Après avoir administré la colonie pendant trois années consécutives, M. le comte Van den Bosch fut appelé dans les conseils de la couronne, et de ce poste élevé il continua de présider aux destinées de Java. Quand l’illustre général rentra dans la vie privée, sa tâche était remplie ; il avait mis la dernière main à son œuvre. La place de M. le comte Van den Bosch est marquée dans l’histoire. Il prendra rang à côté des Clive et des Warren Hastings ; mais, plus heureux que ces fondateurs de l’empire indo-britannique, le gouverneur des Indes néerlandaises a pu jouir en paix de sa gloire.

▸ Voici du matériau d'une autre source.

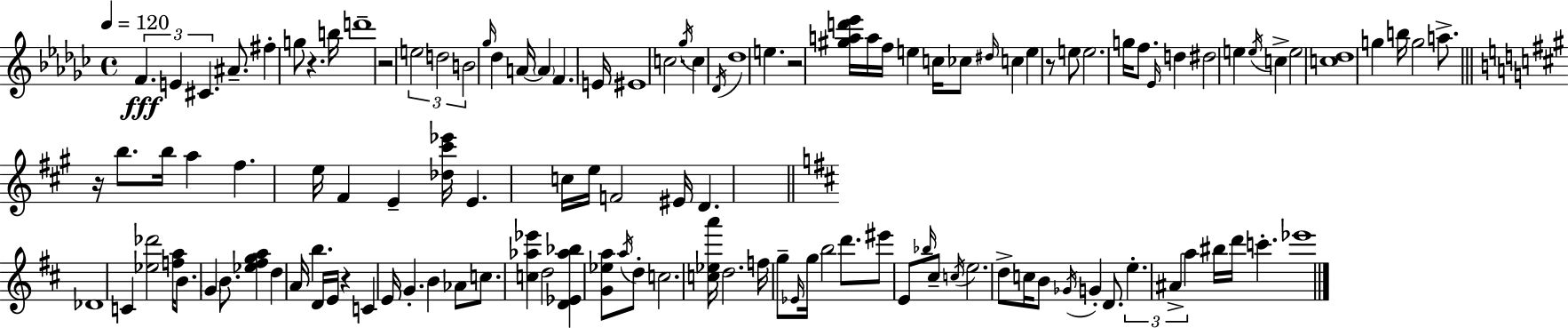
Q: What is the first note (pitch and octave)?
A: F4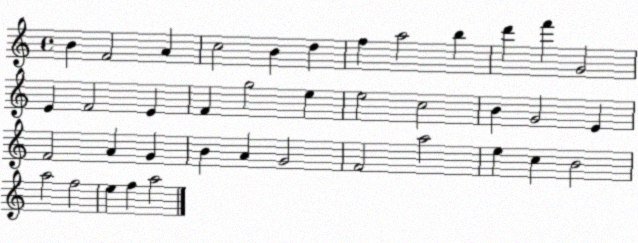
X:1
T:Untitled
M:4/4
L:1/4
K:C
B F2 A c2 B d f a2 b d' f' G2 E F2 E F g2 e e2 c2 B G2 E F2 A G B A G2 F2 a2 e c B2 a2 f2 e f a2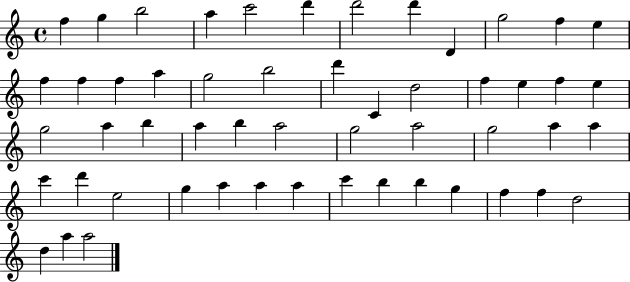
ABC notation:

X:1
T:Untitled
M:4/4
L:1/4
K:C
f g b2 a c'2 d' d'2 d' D g2 f e f f f a g2 b2 d' C d2 f e f e g2 a b a b a2 g2 a2 g2 a a c' d' e2 g a a a c' b b g f f d2 d a a2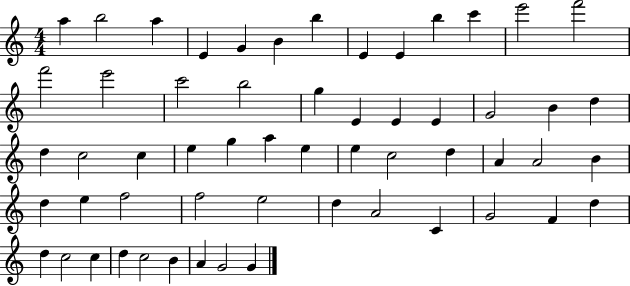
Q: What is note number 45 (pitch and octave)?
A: C4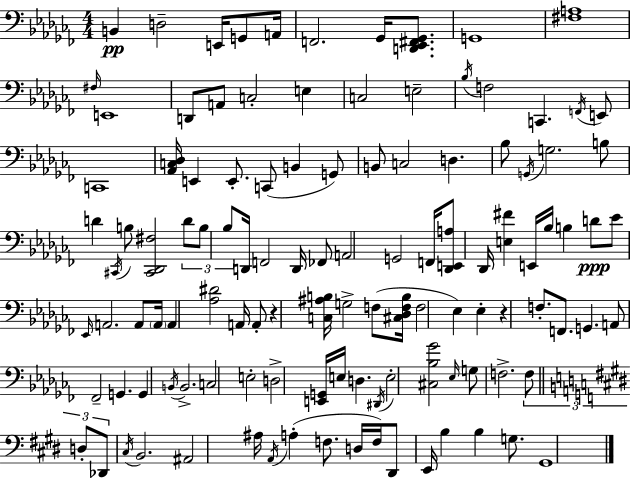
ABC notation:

X:1
T:Untitled
M:4/4
L:1/4
K:Abm
B,, D,2 E,,/4 G,,/2 A,,/4 F,,2 _G,,/4 [D,,_E,,^F,,_G,,]/2 G,,4 [^F,A,]4 ^F,/4 E,,4 D,,/2 A,,/2 C,2 E, C,2 E,2 _B,/4 F,2 C,, F,,/4 E,,/2 C,,4 [_A,,C,_D,]/4 E,, E,,/2 C,,/2 B,, G,,/2 B,,/2 C,2 D, _B,/2 G,,/4 G,2 B,/2 D ^C,,/4 B,/2 [^C,,_D,,^F,]2 D/2 B,/2 _B,/2 D,,/4 F,,2 D,,/4 _F,,/2 A,,2 G,,2 F,,/4 [_D,,E,,A,]/2 _D,,/4 [E,^F] E,,/4 _B,/4 B, D/2 _E/2 _E,,/4 A,,2 A,,/2 A,,/4 A,, [_A,^D]2 A,,/4 A,,/2 z [C,^A,B,]/4 G,2 F,/2 [^C,_D,F,B,]/4 F,2 _E, _E, z F,/2 F,,/2 G,, A,,/2 _F,,2 G,, G,, B,,/4 B,,2 C,2 E,2 D,2 [E,,G,,]/4 E,/4 D, ^D,,/4 E,2 [^C,_B,_G]2 _E,/4 G,/2 F,2 F,/2 D,/2 _D,,/2 ^C,/4 B,,2 ^A,,2 ^A,/4 A,,/4 A, F,/2 D,/4 F,/4 ^D,,/2 E,,/4 B, B, G,/2 ^G,,4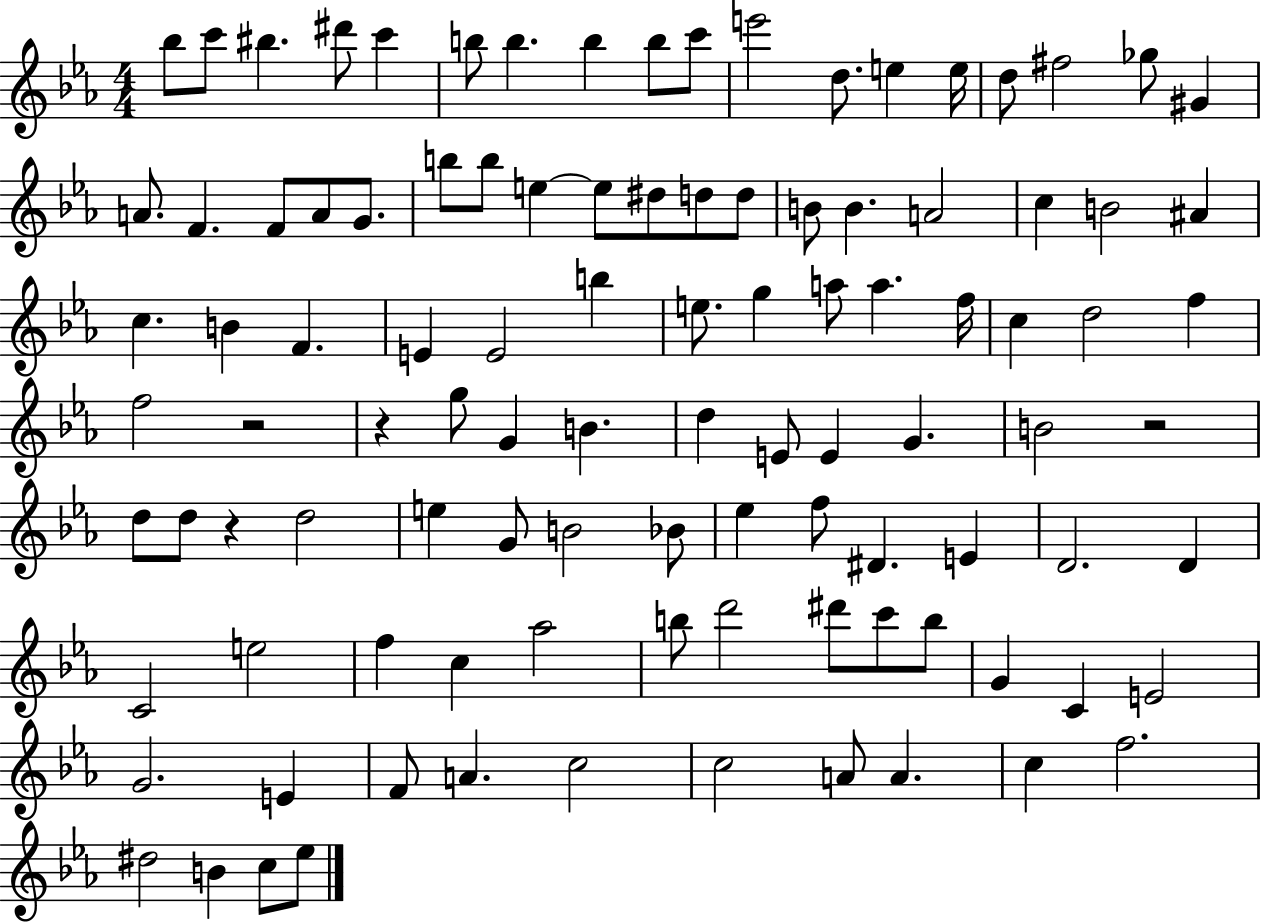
{
  \clef treble
  \numericTimeSignature
  \time 4/4
  \key ees \major
  bes''8 c'''8 bis''4. dis'''8 c'''4 | b''8 b''4. b''4 b''8 c'''8 | e'''2 d''8. e''4 e''16 | d''8 fis''2 ges''8 gis'4 | \break a'8. f'4. f'8 a'8 g'8. | b''8 b''8 e''4~~ e''8 dis''8 d''8 d''8 | b'8 b'4. a'2 | c''4 b'2 ais'4 | \break c''4. b'4 f'4. | e'4 e'2 b''4 | e''8. g''4 a''8 a''4. f''16 | c''4 d''2 f''4 | \break f''2 r2 | r4 g''8 g'4 b'4. | d''4 e'8 e'4 g'4. | b'2 r2 | \break d''8 d''8 r4 d''2 | e''4 g'8 b'2 bes'8 | ees''4 f''8 dis'4. e'4 | d'2. d'4 | \break c'2 e''2 | f''4 c''4 aes''2 | b''8 d'''2 dis'''8 c'''8 b''8 | g'4 c'4 e'2 | \break g'2. e'4 | f'8 a'4. c''2 | c''2 a'8 a'4. | c''4 f''2. | \break dis''2 b'4 c''8 ees''8 | \bar "|."
}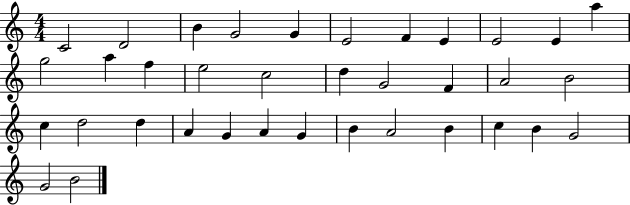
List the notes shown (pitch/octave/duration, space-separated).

C4/h D4/h B4/q G4/h G4/q E4/h F4/q E4/q E4/h E4/q A5/q G5/h A5/q F5/q E5/h C5/h D5/q G4/h F4/q A4/h B4/h C5/q D5/h D5/q A4/q G4/q A4/q G4/q B4/q A4/h B4/q C5/q B4/q G4/h G4/h B4/h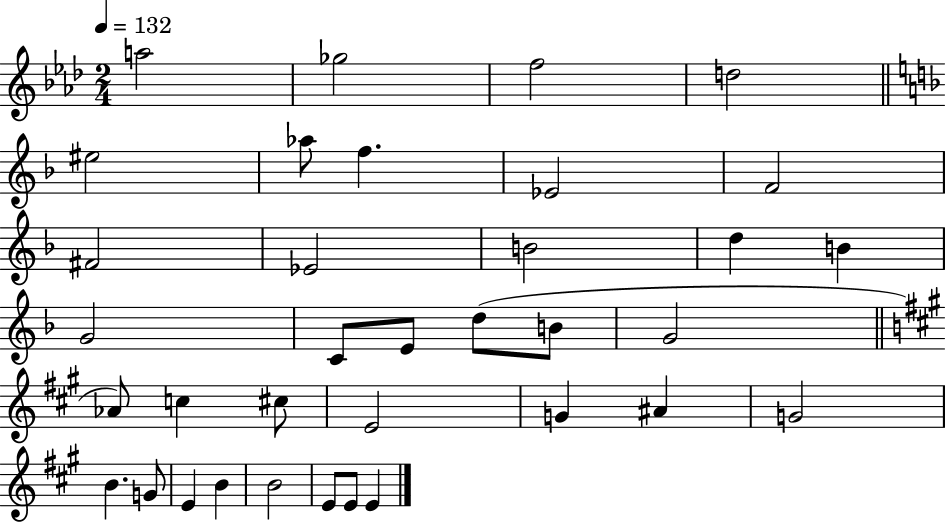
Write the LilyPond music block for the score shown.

{
  \clef treble
  \numericTimeSignature
  \time 2/4
  \key aes \major
  \tempo 4 = 132
  a''2 | ges''2 | f''2 | d''2 | \break \bar "||" \break \key f \major eis''2 | aes''8 f''4. | ees'2 | f'2 | \break fis'2 | ees'2 | b'2 | d''4 b'4 | \break g'2 | c'8 e'8 d''8( b'8 | g'2 | \bar "||" \break \key a \major aes'8) c''4 cis''8 | e'2 | g'4 ais'4 | g'2 | \break b'4. g'8 | e'4 b'4 | b'2 | e'8 e'8 e'4 | \break \bar "|."
}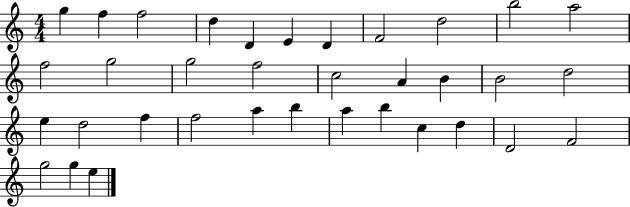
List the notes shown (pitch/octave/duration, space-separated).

G5/q F5/q F5/h D5/q D4/q E4/q D4/q F4/h D5/h B5/h A5/h F5/h G5/h G5/h F5/h C5/h A4/q B4/q B4/h D5/h E5/q D5/h F5/q F5/h A5/q B5/q A5/q B5/q C5/q D5/q D4/h F4/h G5/h G5/q E5/q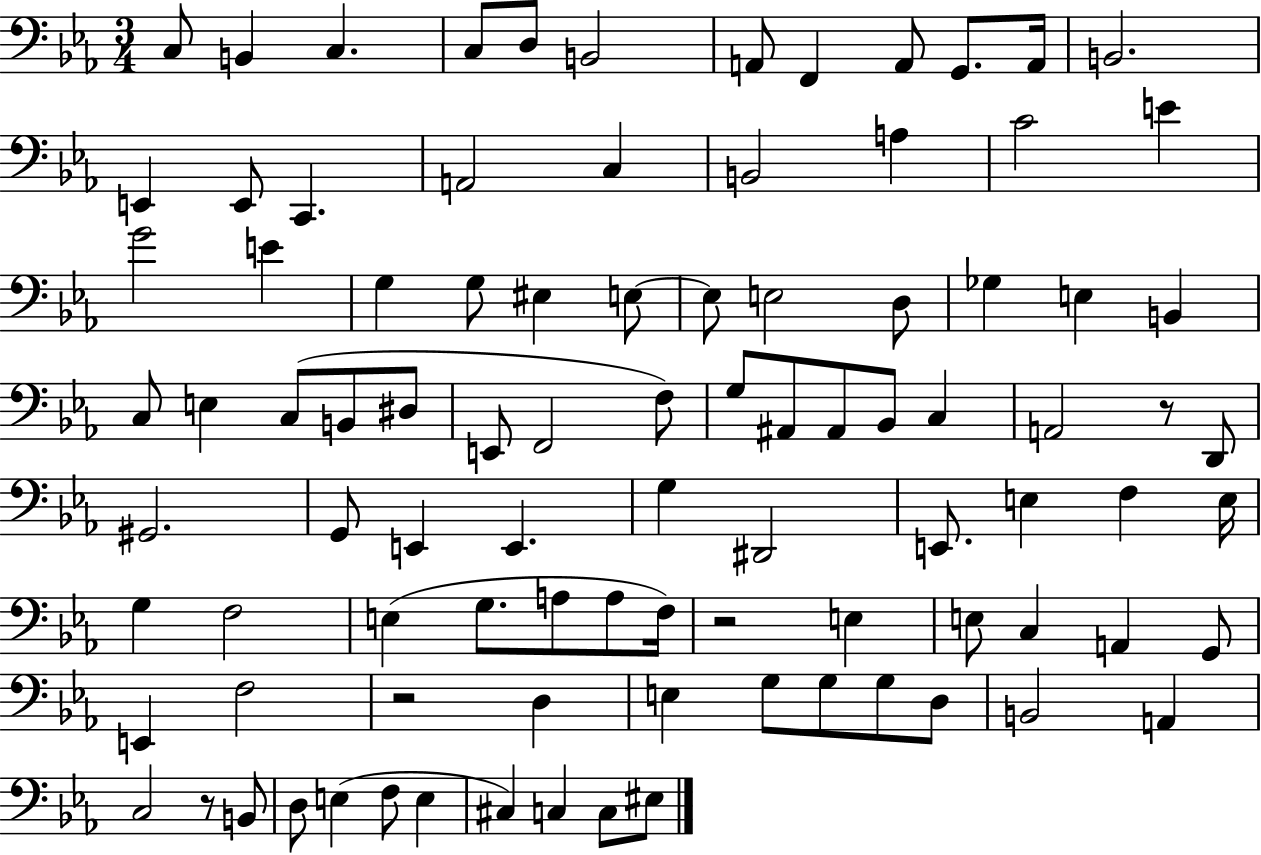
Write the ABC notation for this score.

X:1
T:Untitled
M:3/4
L:1/4
K:Eb
C,/2 B,, C, C,/2 D,/2 B,,2 A,,/2 F,, A,,/2 G,,/2 A,,/4 B,,2 E,, E,,/2 C,, A,,2 C, B,,2 A, C2 E G2 E G, G,/2 ^E, E,/2 E,/2 E,2 D,/2 _G, E, B,, C,/2 E, C,/2 B,,/2 ^D,/2 E,,/2 F,,2 F,/2 G,/2 ^A,,/2 ^A,,/2 _B,,/2 C, A,,2 z/2 D,,/2 ^G,,2 G,,/2 E,, E,, G, ^D,,2 E,,/2 E, F, E,/4 G, F,2 E, G,/2 A,/2 A,/2 F,/4 z2 E, E,/2 C, A,, G,,/2 E,, F,2 z2 D, E, G,/2 G,/2 G,/2 D,/2 B,,2 A,, C,2 z/2 B,,/2 D,/2 E, F,/2 E, ^C, C, C,/2 ^E,/2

La faveur du chef de l’état a soutenu M. Van den Bosch au milieu des premières difficultés de son entreprise, et la reconnaissance publique a devancé le jugement de la postérité. M. Van den Bosch peut se présenter sans crainte devant ce grand tribunal : la postérité ratifiera l’opinion de ses contemporains. Comme eux, elle admirera les vues fécondes et les fermes desseins de cet esprit pratique; elle le louera d’avoir su résister aux clameurs d’une philanthropie envieuse, et d’avoir, en ouvrant au commerce de la métropole des perspectives jusqu’alors inconnues, préparé par le travail la transformation d’un peuple dont le fanatisme repousse avec la même obstination nos doctrines politiques et notre foi religieuse.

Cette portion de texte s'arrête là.